Dlatego nigdy nie zmieni się system wizowy USA. Zespół Rammstein śpiewał: „Wszyscy żyjemy w Ameryce”. Żyjemy w niej o tyle, o ile tej Ameryce jesteśmy potrzebni. Ten system działa jak piramida finansowa. Polska, państwa afrykańskie i inne kraje rozwijające się, są na końcu tego łańcucha pokarmowego.

Ktoś przecież musi na nich pracować. Puste dolary muszą gdzieś nabrać swojej wartości. Wyobraźmy sobie oszusta, który z wydrukowanym w szopie 1000 dolarów przyjeżdża do Afryki. Ludzie będą się zabijać o te pieniądze. Mógłby za nie kupić tam wiele… A przecież to jest zwykły papier. Tubylec odpowie: - Może i zwykły, ale Amerykański!

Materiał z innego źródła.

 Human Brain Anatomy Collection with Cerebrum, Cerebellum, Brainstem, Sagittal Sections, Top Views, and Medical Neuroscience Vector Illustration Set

Skoro świat nie może oddać całej sumy, dolary te ściągane są w produktach: ziemi, ropie naftowej, bogactwach naturalnych. Choćby dlatego nie będzie energetyki wodorowej (tanie technologie są już od dawna), bo ta przyśpieszyłaby kryzys w USA i na całym świecie. Tymczasem by zrobić finansowy porządek na Ziemi, potrzebny jest właśnie taki „remont kapitalny silnika”. Dlatego wielcy tego świata zrobią wszystko, by nie doszło do prawdziwego kryzysu. Wciąż w różne Grecje będą pompować wielkie ilości drukowanych pieniędzy. Prawdopodobne jest, że Tusk o tym wie, dlatego liczy, że może Polskę zadłużać w nieskończoność. Zaznaczam, że w tym miejscu to tylko moja daleka (może niepotrzebna) hipoteza.

Amerykański dług pod koniec 2013 roku przekroczył 17 bilionów dolarów. Mogę się tylko domyślać, że tyle właśnie USA i cały globalny Świat jest winny FED. Amerykański dług w 2013 znowu zaczął rosnąć w lawinowym tempie. Sądzę, choć może się mylę, że w takiej sytuacji Ameryka jest po prostu „zmuszona” prowadzić kolejne wojny. Dla zysku. Dlatego demokrację Amerykanie zaprowadzają w krajach, gdzie nigdy jej nie będzie i dla których to jest w ogóle nienaturalny system. Takie podboje mogą tam trwać w nieskończoność i oto właśnie chodzi. Przecież wojna to najlepszy interes.

 

Zakończenie

 

W tym miejscu odniosę się do początku tekstu. Polski rząd pożycza z prywatnych zagranicznych banków centralnych (choć nie wprost) właśnie takie drukowane pieniądze, które my będziemy musieli kiedyś oddać z procentem. Choć wydrukowane, mogliśmy za nie jako państwo i obywatele kupować i przejadać różne rzeczy. Ktoś w zamian za nie zaoferował nam swoją pracę (np. telewizor). Kiedyś te pieniądze będziemy musieli oddać. Na szczęście mamy piękne lasy...

Słusznie mnie ktoś zapyta: - ale jak oddać ten procent, przecież to idiotyczne, gadasz bzdury pan! Skoro FED pożycza na procent, to po co to robi, skoro tych pieniędzy nie ma na rynku i nigdy wcześniej nie było. Przecież ich nigdy nie odzyska.

W odpowiedzi powołam się tu na ]]>portal CORDIS, na którym pisze]]>, że spośród 43.060 międzynarodowych korporacji 80 proc. z nich należy do 737 firm kontrolujących. Jeśli firmy nie mogą oddać pożyczonych wcześniej pieniędzy, to się je w zamian za długi przejmuje (niedawne problemy General Motors w USA i Kanadzie). Tak właśnie powstają wielkie majątki. Lichwa. Teraz rozumiecie?